Released: Feb 29, 2000
Tones: Angst-Ridden, Cathartic, Melancholy, Theatrical, Aggressive, Gloomy, Precious, Plaintive, Somber, Wry
Styles: Alternative Pop/Rock, Post-Grunge
Number Of Tracks: 15
MACHINA - The Machines Of God
UG Team, on july 25, 2003 1 of 1 people found this review helpful
Overall Impression: According to Pumpkin's frontman Billy Corgan, the Pumpkins released 2 albums which were "perfect". One was their debut, Gish and the other Machina.

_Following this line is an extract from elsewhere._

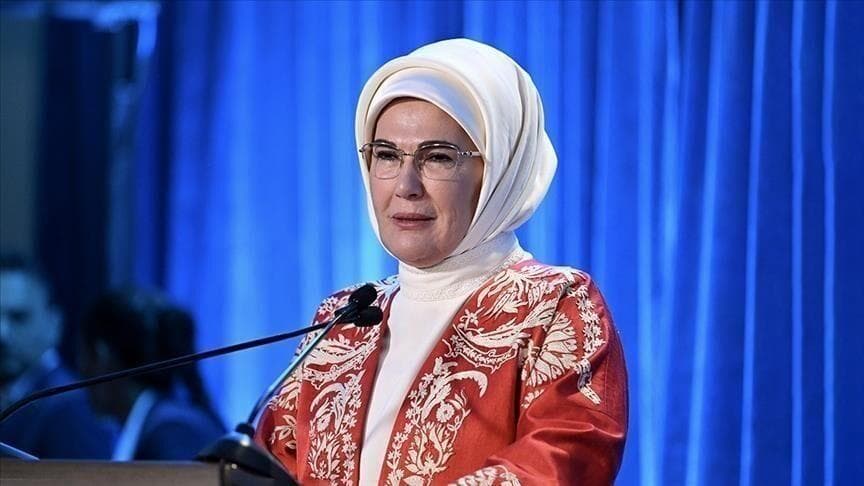 همسر اردوغان خطاب به ملانیا ترامپ: کودکان غزه هم مانند کودکان اوکراینی شایسته شادی هستند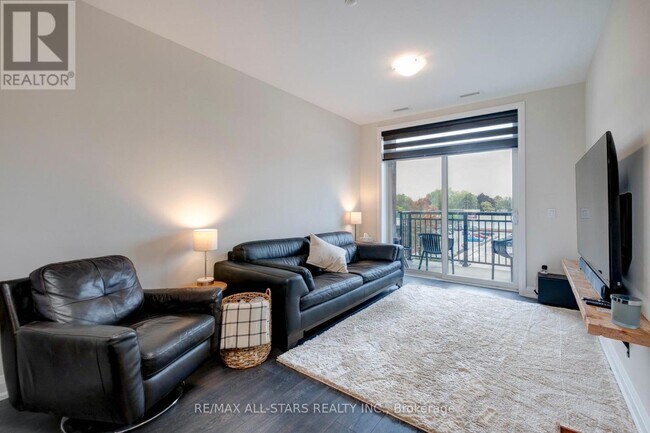 Building Photo - 5917 Main St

I heard this statement shortly before I played the album for the first time. This gave me fresh hope for another epic such as Mellon Collie. Adore had been a good come down album, but I wanted more steady rock from the Pumpkins. Machina didn't fail to please.
The opening and the albums first single, "The Everlasting Gaze" reminds us all that the Pumpkins are one of the rockin-est bands in the world. A simple but oh so catchy riff and they're away. the album then delves into heavy metal, love songs and yes, more rock. Unfortunetly the acoustic guitar is not used as much as it should be, with only 2 songs even featuring it, "Try Try Try" and "Wound". More mysteries are unveiled about the legend of Glass and Zero, in the 10 minute epic "Glass and the Ghost Children."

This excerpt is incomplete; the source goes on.